Cause marketing keeps spreading because it’s a classic win-win-win:
· Consumers prefer do-gooder companies. Shoppers today feel better about spending with companies associated with causes they believe in, as long as they don’t feel snaked by bad companies trying to buy good will. If inspired by the company and cause, and feel it’s authentic, many consumers will pay more or buy more. It’s called “charitable shopping.” Any spending guilt is mitigated by the pleasure of helping others.
· Companies burnish their brands. The “halo effect” of supporting a cause buttresses the company’s reputation, and helps employees and other stakeholders feel good by association. Cause marketing also can help salve reputation wounds from foul-ups.
· Charities can help more people. They welcome the bigger flow of needed funds for urgent causes.
Many policy types celebrate the new symbiotic relationship between for- and non-profit bedfellows. Some worry about it being misused by those who oppose public programs that help the less fortunate. Cynics suggest the deal suffers from a power imbalance. Like when alligators let plover birds clean their teeth — the birds serve at the pleasure of the gators until the jaw clamps down.

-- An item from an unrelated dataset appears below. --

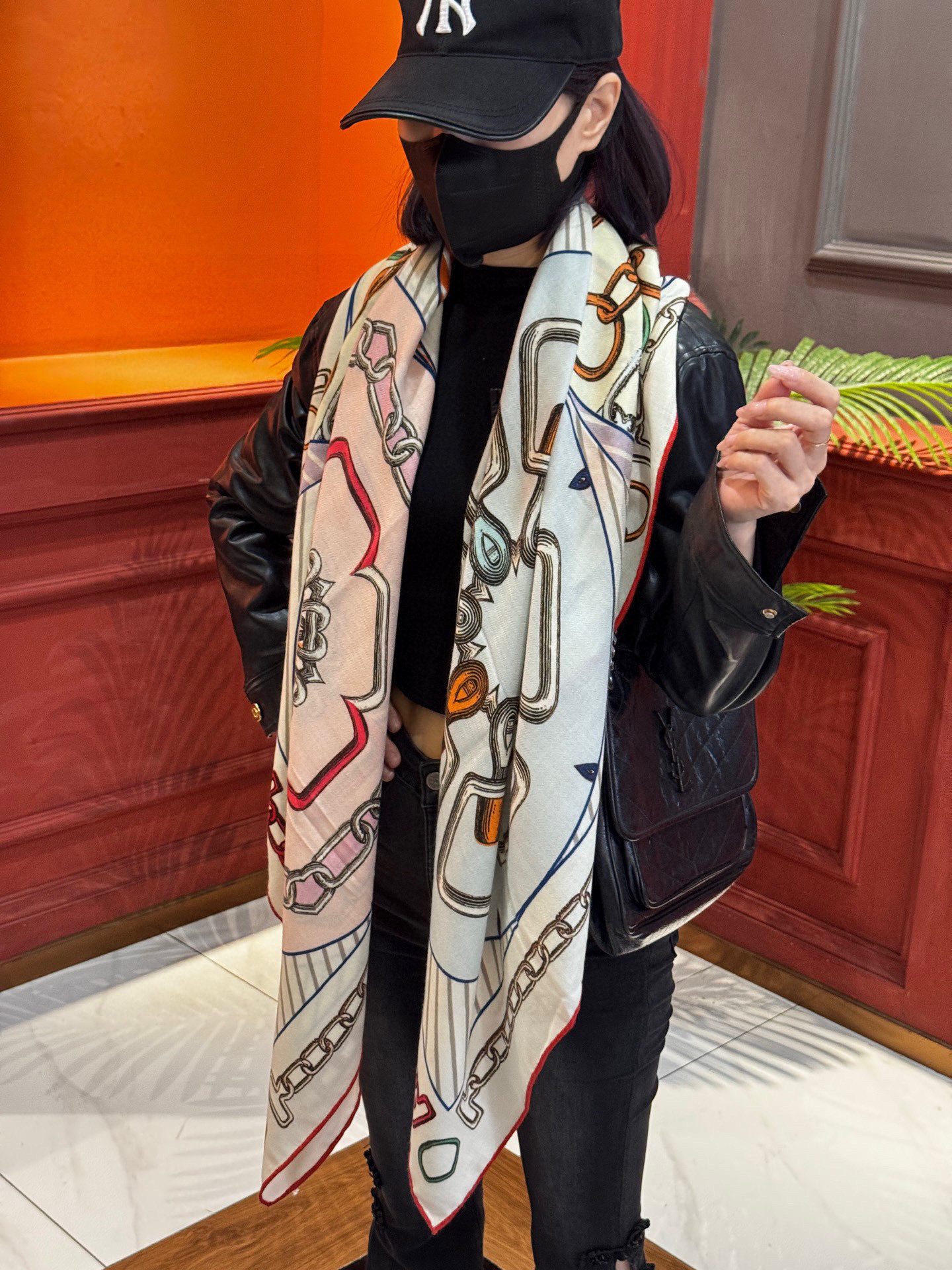 💟2025年早秋上新💞【双面同色丝绒方巾】手工卷边山羊绒和真丝混纺披肩(70%羊绒,30%桑蚕丝)这款披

But seeing the Hyundai and Stella Super Bowl ads (and addled by Sam Adams, Yuengling, clam chowder and cheese steaks), I started having other questions about this cause marketing.
For example:
1. If I don’t buy that car or beer, am I hurting people who need help? If I buy a different sedan or brew that doesn’t help them, what kind of selfish monster would I be?
2. Like Hyundai, a company called Love Your Melon will donate part of the proceeds from my purchase of a $40 Pom Beanie to fight pediatric cancer. And like Stella Artois, Lula’s Garden — specializing in succulent gift boxes — will donate to Water.org if I buy a $35 Jewel Garden. I love the idea of supporting small crafty businesses, even if I don’t, and I know every bit of support counts. But should I try for a bigger bang for my moral buck by purchasing from larger cause-supporting companies that can afford Super Bowl ads?
3. If my heart goes out to a cause that Porsche supports and has committed a portion of the $120,000 that a new 911 Carrera costs, can I justify going into ruinous debt to buy the car because I care so much about the cause? Can I morally justify not buying the Porsche? When even 1% of the proceeds could provide life-giving potable water and whatnot to millions of poor people forever? Who the hell am I to deny them?
4. Under the new Trump/GOP tax bill that confounds tax experts while devastating the wealthy and delivering a windfall to the poor and middle class, can my accountant figure out a way to write off my new Porsche? And everything I charity shop for? Wait — what? The GOP tax bill discourages charitable deductions?
If #4 is true, it seems I’ll need to get more miles from my current sedan. *Unless readers don’t get the joke and are fooled into paying me for this piece. If so, I pledge 100% of the proceeds to buying that Porsche.